Aiming to capitalize and broaden Stamford’s growing reputation as a technology hub, the Stamford Innovation Center (SIC) is rolling out both its first-ever Stamford Technology Week Sept. 14-18 and its inaugural Northeast Hackathon series Sept. 16 to Nov. 13.
According to the driving force behind the events, SIC Vice President of Operations Hugh Seaton, the goal is to draw together technologists, government and business leaders, as well as the general public in an effort to promote what’s currently happening in the tech world as well as what the future might hold.

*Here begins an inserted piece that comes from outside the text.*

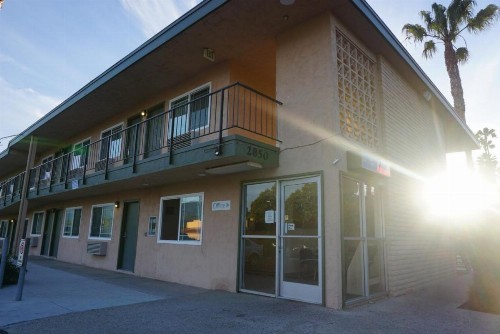 Americas Best Value Inn Thousand Oaks - image 18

“When entrepreneurs go looking for tech talent, they’re finding it’s not so easy to do because it’s very diffuse,” Seaton said. “We’re trying to address that. When we did our first hackathons last September and this past February, we found there was not really enough scale to them to be considered something beyond ‘just another event.’ Now we’re doing it on a scale that will make a much bigger noise.”

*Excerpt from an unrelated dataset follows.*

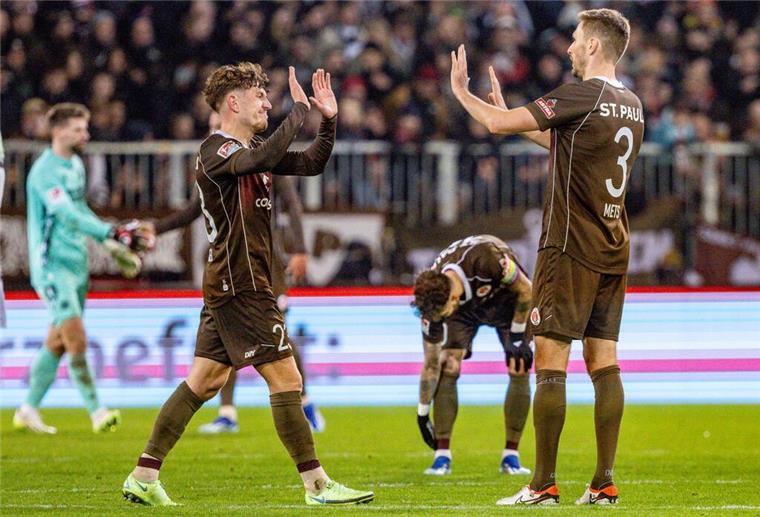Heißes Hamburg: Alles fiebert dem Derby entgegen - Haut St. Pauli den HSV weg? Der St. Pauli - hier mit Philipp Treu (links) und Karol Mets - will in Hamburg weiter die Nummer eins sein.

“Hugh joined us about a year ago and has had a tremendous impact,” said Barry Schwimmer, SIC founder and managing partner. “We got a great reception from the tech community on our last two hackathons. For us, this is building on that success.”
Stamford Technology Week will begin on Sept. 14 with the Smart Cities Summit, involving how sensors, data and analytics can be used to better understand how a given city’s buildings, roads and sidewalks are actually used. The summit will include industry and government panels, the latter including state Reps. Caroline Simmons (D-Stamford) and William Tong (D-Stamford). “Events like this really speak to Connecticut’s ongoing efforts to build a competitive edge,” said Tong in a statement.

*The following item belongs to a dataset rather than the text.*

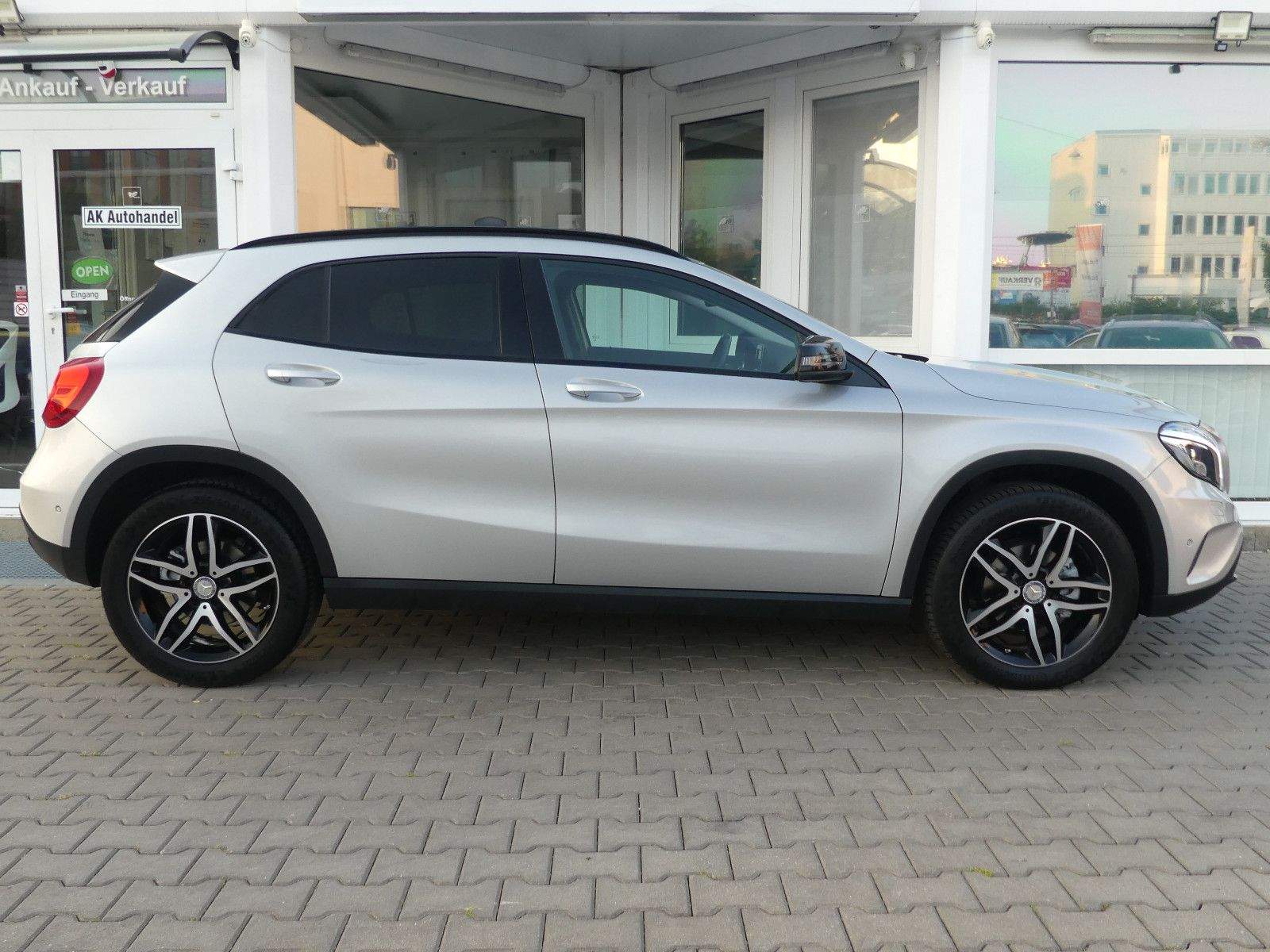 MERCEDES-BENZ GLA 220 CDI 4Matic Urban Night Navi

On Sept. 18, in partnership with Stamford’s Department of Education, the SIC will present an expanded version of its STEM (Science, Technology, Engineering and Mathematics) hackathon/tech expo at Stamford High School. Open to students of all three of the city’s high schools, which include Westhill High and The Academy of Information Technology & Engineering, the event is designed to appeal to techies and the simply curious alike, with robotics and virtual reality among the technologies to be discussed and demonstrated.
Perhaps most ambitious of all is the Northeast Hackathon, which will run from Sept. 16-18 in Stamford before moving on to Bridgeport (Sept. 30-Oct. 2), New Haven (Oct. 14-16), New London (Oct. 28-30) and Providence, R.I. (Nov. 11-13). Teams from each city will be encouraged to create software, hardware and strategic solutions, as well as to work sequentially and collaboratively with teams and technology from the other cities, to address transportation challenges being faced by each city’s train stations — with New Haven’s Union Station the focal point.
“The Northeast Hackathon — and, really, the Stamford Hackathon and Stamford Technology Week — have all grown organically through talking to people and finding common interests and goals,” Seaton said. “It was much more evolutionary than something that started with a grand plan.”
“We see a real opportunity to extend (the hackathon’s) reach up the coast to help these people and these cities communicate with each other,” Schwimmer said. “The technology sector in Connecticut is frequently siloed, so this is a way that everyone can benefit. And for us, it’s increasing defining our area of influence.”
Seaton said the participation of high-profile sponsors such as IBM and Pitney Bowes underscores how important the tech community is coming to view SIC’s work.
All together, he added, he expects “a couple of thousand people” to attend Stamford Technology Week, with another few hundred involved in the Northeast Hackathon. Seaton said he’s already working on the SIC’s next conference, which will focus on virtual reality and take place in February 2017.